Picture this: You're analyzing customer purchase patterns for an e-commerce platform, and your manager asks a seemingly simple question: "Which customers spent more than our average order value last month, and what did they buy?"
Your first instinct might be to calculate the average separately, then filter customers—but that's two queries when you need one cohesive analysis. Or perhaps you start building a massive JOIN statement that becomes increasingly unreadable as you add more conditions. This is exactly where subqueries and Common Table Expressions (CTEs) become indispensable tools in your SQL arsenal.
Both techniques allow you to break complex problems into manageable pieces, but they serve different purposes and have distinct performance characteristics.
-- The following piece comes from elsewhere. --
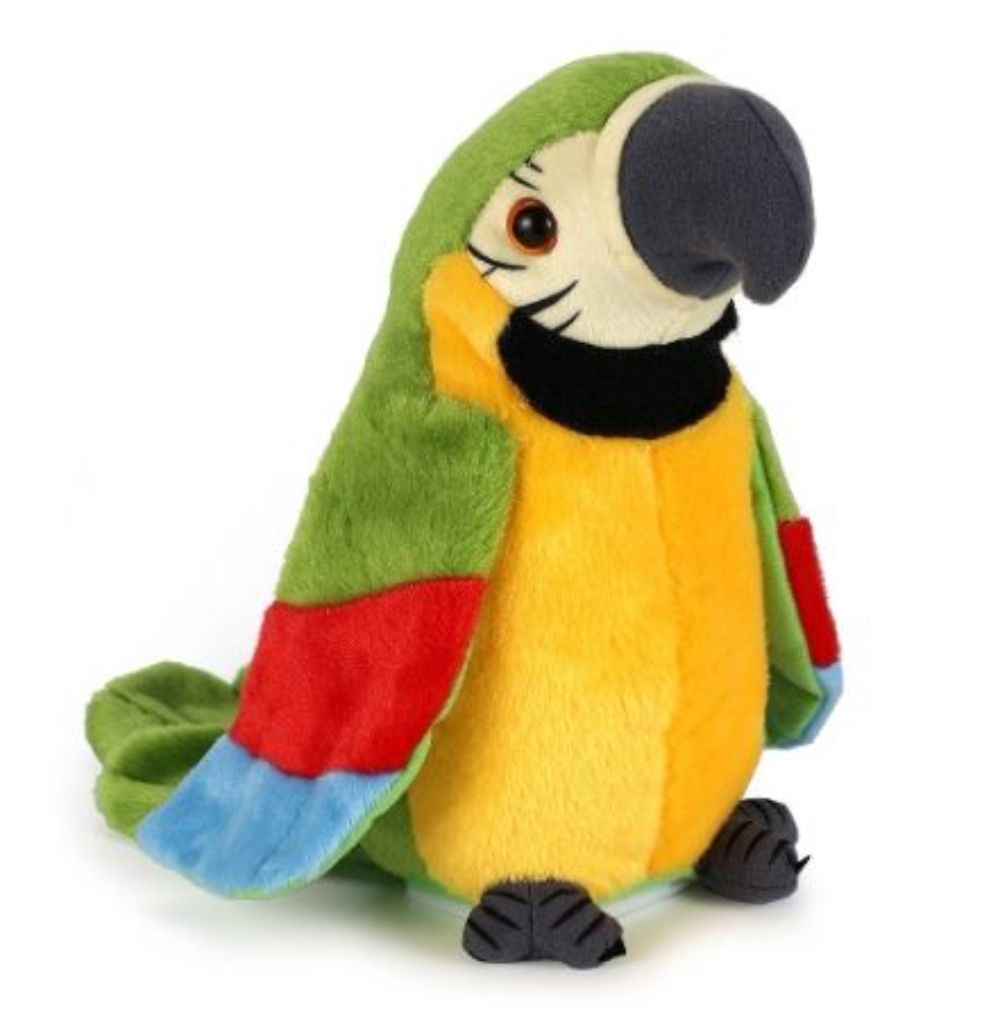 Cute Toy Musical Plush Stuffed Toy Parrot Talking Bird Preschool Kids Baby Toys Cartoon Good Playmate For Kids Education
By the end of this lesson, you'll understand when to use each approach and how to write maintainable, efficient queries that solve real business problems.
What you'll learn:
You should be comfortable with basic SQL operations (SELECT, WHERE, GROUP BY), joins between tables, and aggregate functions. We'll assume you understand primary/foreign key relationships and can read intermediate SQL queries without difficulty.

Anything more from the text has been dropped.